# His X800XL probs



## IntoXicateD (Jun 11, 2005)

hi there iam trying to overclock my video card a bit. i have Hightech excalibur X800XL with the core speeds 400/490 default.

iam trying to find the max core/mem but around 5 minutes after it starts when the speeds are around 440 or 530 the computer freezes or the monitor shuts of so i have to reboot. i just wonder why it do so?. I read the guide and it said that i should run both about an hour but mine only handles 5 min so i cant get the highest stable mem/core, hard to guess the highest .

so i wonder why it do so and maybe i can change somthing so it wont, and let me overclock 

thx in advance Jonathan


----------



## gR3iF (Jun 11, 2005)

hm check if it will run@ stock speeds with scan for artifacts


----------



## IntoXicateD (Jun 11, 2005)

will do


----------



## IntoXicateD (Jun 12, 2005)

worked fine did it around 2 hours. so u think i cant overclock?


----------



## Clock Master (Jul 4, 2005)

Just a quick check in your bois.

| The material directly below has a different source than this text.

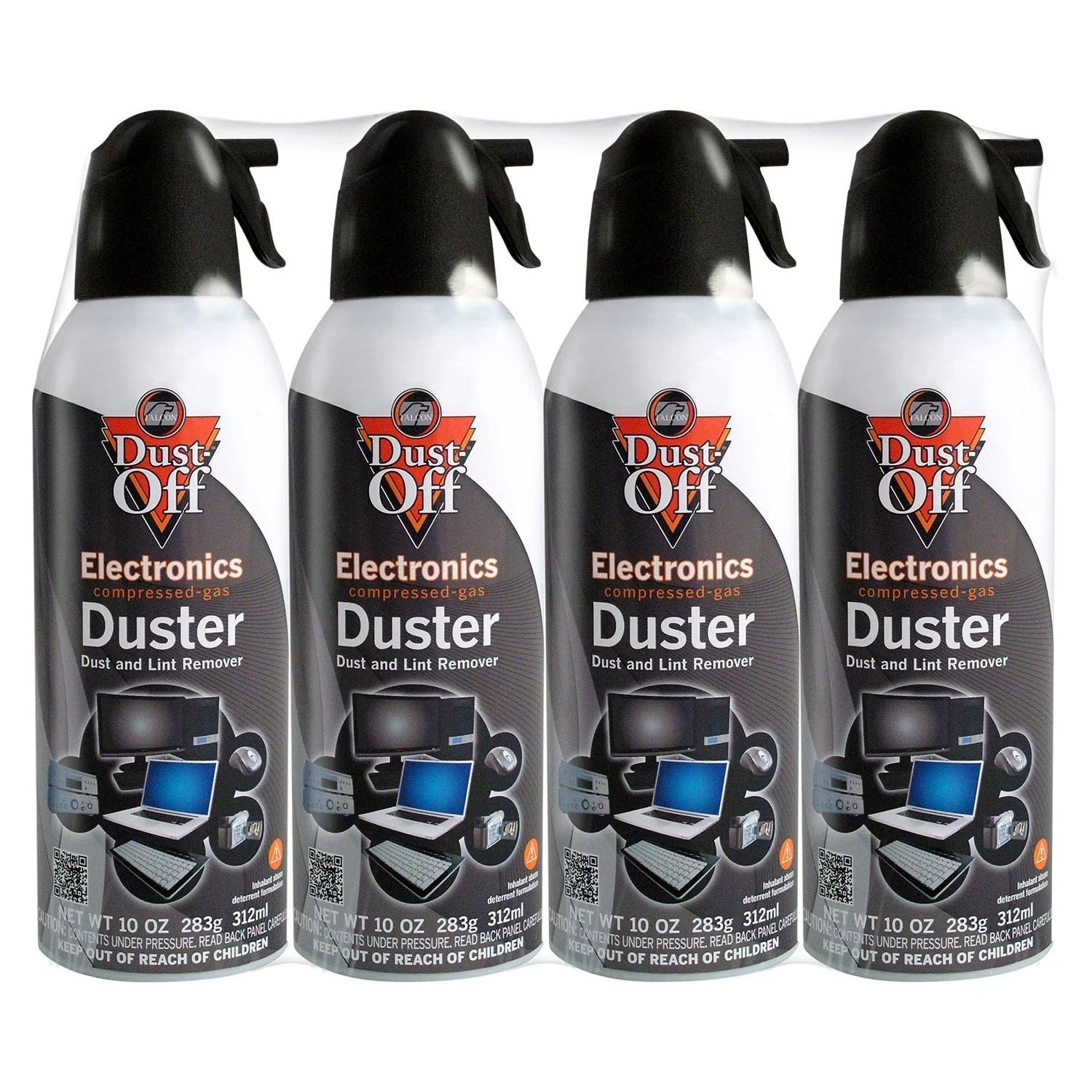 Falcon Dust-Off Compressed Gas Duster (10oz., 4 Pack).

Make sure your agp voltage is at 1.5 or stock. This may help.


----------



## INSTG8R (Jul 4, 2005)

it is known that X800XLs dont overclock as well as regular X800s as for your lockup you just pushed it too far use the clock safety range feature and set somwhere below the lock up point of before and retest


----------



## gR3iF (Jul 4, 2005)

try to use the his tool for ocing


----------